How does a hybrid electric boat work?

A hybrid marine propulsion system is any combination of a combustion engine and an electric motor. Electricity can be produced by one or a combination of the following: a combustion engine generator, a wind generator, a towed water generator or solar panels. A purely electric solution with solar panels is enviable due to its zero carbon footprint and low operating costs and various takes on theses systems have been gaining traction on alternative energy vessels. Advances in both energy storage and solar panel technology have reduced costs and physical footprint making solar power propulsion systems more feasible for use on boats.

What are the benefits associated with hybrid and electric boats?

There are numerous benefits to electric motor propulsion including that it’s quieter, more efficient at lower speeds and less smelly. It’s also expected to lower overall costs of ownership by reducing or eliminating the needs for oil and transmission fluid changes, filter and impeller replacements and starter problems. There’s less to winterize too. Additionally, unlike diesel or gas engines, electric motors provide full torque instantly so boats get up on plane faster. Aftermarket conversions (which currently make up the lion’s share of the market) can use existing drive shafts and components so there is a cost-savings when re-powering.

Hybrid and electric boats and the current marine market

As mentioned, now that hybrid and pure electric propulsion systems have proliferated within the automotive industry, hybrid or electric boats are beginning to gain steam. Still, the marine world is a relatively small niche market that tends to follow rather than lead other industries in terms of innovation. Currently only 1.3% of boats today are integrating electric or hybrid propulsion. This slow adaption is partly due to the unique issues of boating. Boats have a different frequency and variance of use than cars and the market has many segments (ferries, sailboats, small high speed planers, large distance cruising yachts, etc.) where boats are used differently, making it hard to build one solution to fit all applications. However, a few companies are trying to change all that.
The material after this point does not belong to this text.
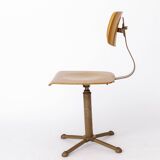 Chaise de bureau industrielle, années 1950 environ - Allemagne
Power and auxiliary sailboats are typically propelled by inboard or outboard engines using diesel or gasoline fuel. A growing appeal has been placed on electric motors for these purposes – i.e. pure electric engines powered by large battery banks.

As with any new technology, there’s an adoption curve. The early adopters are the technologists, visionaries and tinkerers and they make up only about 15% of the market. In marine, these are distance sailors that need efficient sustainability and autonomy but they’re also ferries and water taxis that operate on bodies of water where combustion engines aren’t allowed. Then come the trailerable towboats, tenders and fishing boats as well as charter boats to fill the boating sweet spot of the 25-75 foot midrange power market.

What are the problems with marine hybrid and electric boating?

Because e-propulsion is in its infancy in the marine market, available solutions are few and they’re expensive. So far, most electric boats have been slow and small and had very restricted range but that is changing. There’s also the problem of infrastructure, which is the same for automotive: What is the range of these new vessels and where do they recharge? Just like a Tesla that you’d probably not take on a cross-country road trip, a boat needs charging stations that are close together and can “fuel” quickly.

The technology behind electric and hybrid boating

Use of brushless permanent magnet electric motors and advances in lithium ion battery technology have allowed for leaps to be made in the rush to marine electric. Lithium-ion batteries are half as heavy as lead-acid batteries and last three times as long, and advances in their effectiveness and stability have been significant.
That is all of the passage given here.